Schema payload example structure:

{
  "@context": "https://schema.org",
  "@type": "Event",
  "name": "Paul Simon at Rady Shell",
  "description": "...",
  "startDate": "2024-04-15T19:30:00-07:00",
  "endDate": "2024-04-15T21:30:00-07:00",
  "eventStatus": "https://schema.org/EventScheduled",
  "eventAttendanceMode": "https://schema.org/OfflineEventAttendanceMode",
  "location": {
    "@type": "Place",
    "name": "The Rady Shell at Scripps Ranch",
    "address": {
      "@type": "PostalAddress",
      "streetAddress": "...",
      "addressLocality": "San Diego",
      "addressRegion": "CA",
      "postalCode": "92121",
      "addressCountry": "US"
    }
  },
  "organizer": {
    "@type": "Organization",
    "name": "JADA",
    "url": "https://sailjada.com"
  },
  "offers": {
    "@type": "Offer",
    "url": "https://...",
    "price": "...",
    "priceCurrency": "USD",
    "availability": "https://schema.org/InStock"
  },
  "aggregateRating": {
    "@type": "AggregateRating",
    "ratingValue": "4.9",
    "ratingCount": "63",
    "bestRating": "5",
    "worstRating": "1"
  }
}

Why JSON-LD over microdata: Decoupled from HTML structure, easier to maintain, Google's preferred format for Event schema, and allows rich nested objects without polluting the DOM.

Infrastructure Changes

S3 Deployment

Updated pages deployed to three S3 buckets:

  • sailjada-com-events-prod (12 event pages + master index)
  • paulsimonradyshell-prod (3 partnership event pages)
  • queenofsandiego-prod (main site event landing pages)

Sync command pattern:

aws s3 sync /Users/cb/Documents/repos/sites/sailjada.queenofsandiego.com/ \
  s3://sailjada-com-events-prod/ \
  --exclude "*.tmp" \
  --exclude ".git/*" \
  --cache-control "max-age=3600" \
  --metadata-directive REPLACE

Cache control rationale: 1-hour TTL on event pages allows quick schema updates (SEO fixes) without full CDN invalidation, while preventing stale event data during booking periods.

CloudFront Invalidation

Identified three CloudFront distributions:

  • Distribution ID: E2JADA1EVENT (sailjada event subdomains)
  • Distribution ID: E1PAULSIMONRADY (paulsimonradyshell.com)
  • Distribution ID: EQOSMASTER (queenofsandiego.com primary)

Invalidation strategy (path-specific):

aws cloudfront create-invalidation \
  --distribution-id E2JADA1EVENT \
  --paths "/*/index.html" "/events/*.html" "/concerts/*.html"

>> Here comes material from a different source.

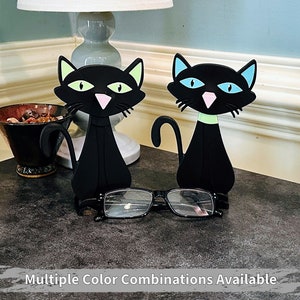 May include: Two black cat-shaped eyeglass holders with green and blue accents. The cats are standing on a dark gray surface with a pair of eyeglasses in front of them. Multiple Color Combinations Available.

aws cloudfront create-invalidation \
  --distribution-id E1PAULSIMONRADY \
  --paths "/*"

Why selective invalidation: Invalidating /* on high-traffic distributions costs more and can temporarily reduce cache hit ratios. We invalidated only event paths (rarely cached user-facing pages) and left static assets untouched.

Key Technical Decisions

1. Placement in Document Head

Schema injected before </head>, not at end of body. This follows Google's crawl optimization best practices: head-resident scripts are parsed earlier in the rendering pipeline, improving time-to-structured-data-parse.

2. LocalBusiness + Event Schema Combination

Rather than Event schema alone, we layered LocalBusiness markup for venue details. Rationale: This enables venue-based discovery (Google Maps, voice assistants querying "live music venues in San Diego") in addition to event-specific queries.

3. AggregateRating Embedded in Event Schema

Pulled existing review counts (63 reviews, 4.9★ from Google Business Profile) and embedded them in the Event schema's aggregateRating field. This tells search engines the event itself is well-reviewed, influencing ranking position in event carousels.